Jerry Fresia said...

Fascinating to say the least. I'm especially intrigued by the role assigned to irony as the singular (?) means by which the relationship between appearance and reality is to be or can be made apparent. The question in my mind at this point is this: if capitalism is "objectively mystified," how is it possible to have a "real audience?" Who's in the know?
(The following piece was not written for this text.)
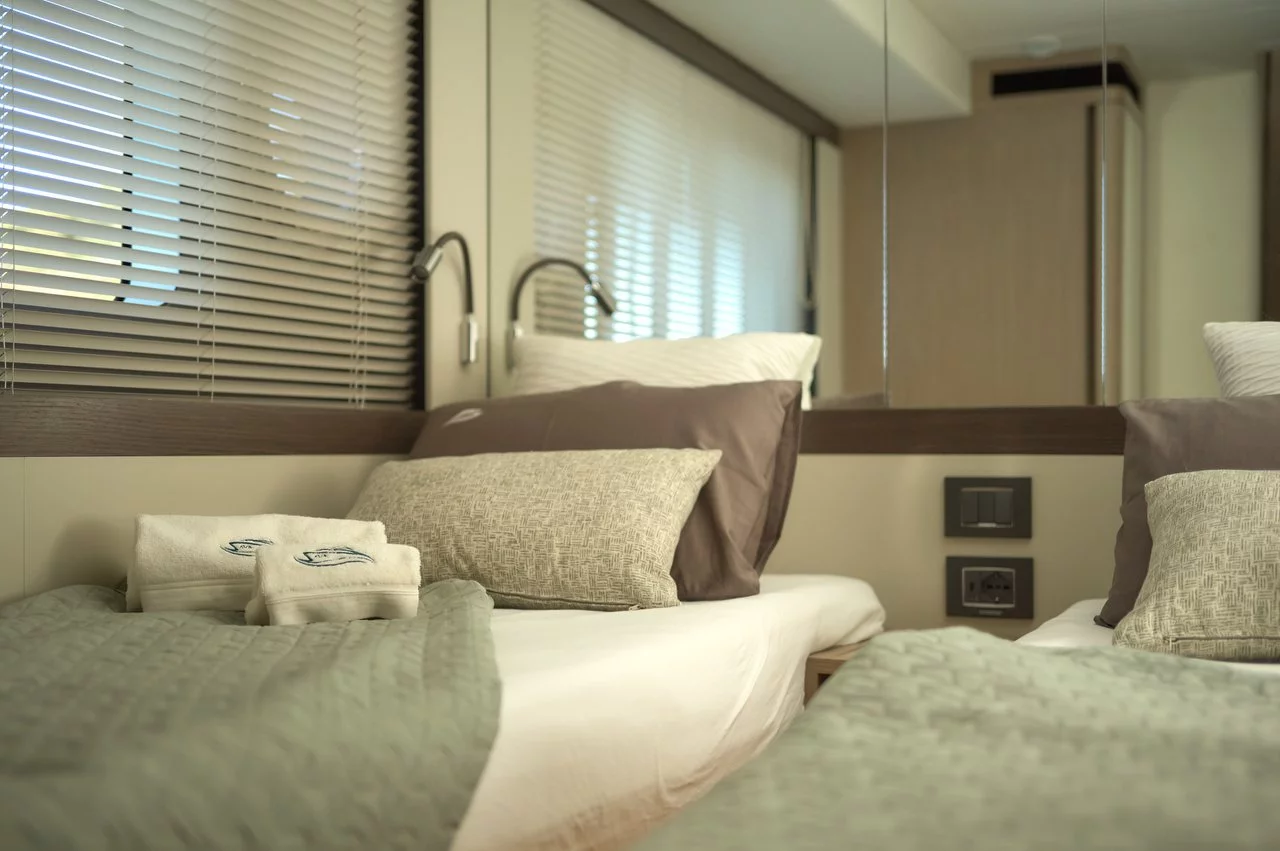 Navetta 48 (Ava)  - 35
I will be patient and await further installments.

Don Schneier said...

I agree that rebellion is necessarily conditioned by its given antecedents. However, that it is always "immediately recognizable" as such is less clear to me. For, those remaining within the status quo tend to lack the requisite insight, while the more significant the rebellion, the less can the rebels grasp its full consequences, which may extend for centuries.

Robert Paul Wolff said...

Jerry, the question you ask is a very important one, and the reason for the extended example from catholicism. because we are complex persons, not simple, we can be, under the right circumstances, both the apparent and the real audience for an ironic communication. No one throughly implicated in the commodification of capitalist society can free himself or herself from it completely. hence a part of me is always the apparent asudience.

Conrad Decker said...

Which is deeper, the Marxist analysis or the Freudian one in which we are always at least partially beset by the illusions "we" ourselves create? The ironic position that we occupy is not of our own making. Whether the forces are economic or broadly psychological the one thing that is certain is that it is only through often painful dialogue that we reach a position tentatively outside of whatever cave we find ourselves in.

Many thanks as always for your prose, your commitment to philosophy, and to your intellectual generosity in allowing us to eavesdrop on your thinking!